Creating Datasets directly from CSV Files

The TensorFlow experimental library contains a variety of functions and classes contributed by the community that may not be ready for release into the main TensorFlow library in their immediate form, but which may be included in TensorFlow in the future. One such useful experimental function is the tf.data.experimental.make_csv_dataset function.

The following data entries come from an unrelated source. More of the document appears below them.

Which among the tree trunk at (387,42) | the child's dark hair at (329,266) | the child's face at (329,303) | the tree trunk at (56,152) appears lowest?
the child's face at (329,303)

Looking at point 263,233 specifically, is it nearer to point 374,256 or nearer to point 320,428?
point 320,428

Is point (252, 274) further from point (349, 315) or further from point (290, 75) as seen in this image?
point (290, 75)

This allows us to read CSV data from the disk directly into a Dataset object.

We will run the function on the example CSV file from disk, and specify the batch size and the name of the target column, which is used to structure the Dataset into an (input, target) tuple.

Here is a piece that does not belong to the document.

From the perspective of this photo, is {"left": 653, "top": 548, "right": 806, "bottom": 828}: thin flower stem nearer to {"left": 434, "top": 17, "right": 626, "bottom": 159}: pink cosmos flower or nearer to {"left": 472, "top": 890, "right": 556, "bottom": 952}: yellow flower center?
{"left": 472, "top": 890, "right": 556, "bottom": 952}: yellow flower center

Note: Because of the ephemeral nature of the experimental package, you may well get warnings printed in the console when using a function or class contained in the package for the first time.

In [25]:
# Create the Dataset from the CSV file

csv_dataset = tf.data.experimental.make_csv_dataset('data/balloon_dataset.csv',
                                                    batch_size=1,
                                                    label_name='Inflated')

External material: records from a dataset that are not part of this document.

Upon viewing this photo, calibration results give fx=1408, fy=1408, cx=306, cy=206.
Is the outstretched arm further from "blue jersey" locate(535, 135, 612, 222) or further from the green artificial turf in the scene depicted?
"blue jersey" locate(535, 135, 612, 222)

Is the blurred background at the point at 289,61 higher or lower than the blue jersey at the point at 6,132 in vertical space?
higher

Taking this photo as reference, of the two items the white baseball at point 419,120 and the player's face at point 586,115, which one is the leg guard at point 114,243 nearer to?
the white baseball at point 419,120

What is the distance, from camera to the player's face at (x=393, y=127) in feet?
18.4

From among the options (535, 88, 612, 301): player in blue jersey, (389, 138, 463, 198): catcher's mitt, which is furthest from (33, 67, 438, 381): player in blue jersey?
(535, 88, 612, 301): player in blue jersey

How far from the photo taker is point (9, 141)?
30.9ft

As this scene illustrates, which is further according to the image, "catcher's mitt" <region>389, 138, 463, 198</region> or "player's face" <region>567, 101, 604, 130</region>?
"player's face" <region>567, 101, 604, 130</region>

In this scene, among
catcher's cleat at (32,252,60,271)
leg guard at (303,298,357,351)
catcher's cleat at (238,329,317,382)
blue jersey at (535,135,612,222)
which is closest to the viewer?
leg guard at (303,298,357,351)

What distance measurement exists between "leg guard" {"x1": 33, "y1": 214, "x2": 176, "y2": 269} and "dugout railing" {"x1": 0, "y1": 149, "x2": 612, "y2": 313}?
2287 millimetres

To check that we've loaded our Dataset correctly, let's print the element_spec:

In [26]:
# View the Dataset element_spec

csv_dataset.element_spec
Out[26]:
(OrderedDict([('Colour', TensorSpec(shape=(1,), dtype=tf.string, name=None)),
              ('Size', TensorSpec(shape=(1,), dtype=tf.string, name=None)),
              ('Act', TensorSpec(shape=(1,), dtype=tf.string, name=None)),
              ('Age', TensorSpec(shape=(1,), dtype=tf.string, name=None))]),
 TensorSpec(shape=(1,), dtype=tf.string, name=None))
In [37]:
# Iterate the Dataset

next(iter(csv_dataset))
Out[37]:
(OrderedDict([('Colour',
               <tf.Tensor: id=382, shape=(1,), dtype=string, numpy=array([b'PURPLE'], dtype=object)>),
              ('Size',
               <tf.Tensor: id=383, shape=(1,), dtype=string, numpy=array([b'LARGE'], dtype=object)>),
              ('Act',
               <tf.Tensor: id=380, shape=(1,), dtype=string, numpy=array([b'DIP'], dtype=object)>),
              ('Age',
               <tf.Tensor: id=381, shape=(1,), dtype=string, numpy=array([b'ADULT'], dtype=object)>)]),
 <tf.Tensor: id=384, shape=(1,), dtype=string, numpy=array([b'F'], dtype=object)>)

Note that in the above Dataset, the target column Inflated does not have a key, since it is uniquely accessible as the second element of the tuple, whereas the attributes which reside as a dictionary of Tensors in the first element retain their labels so we can distinguish them.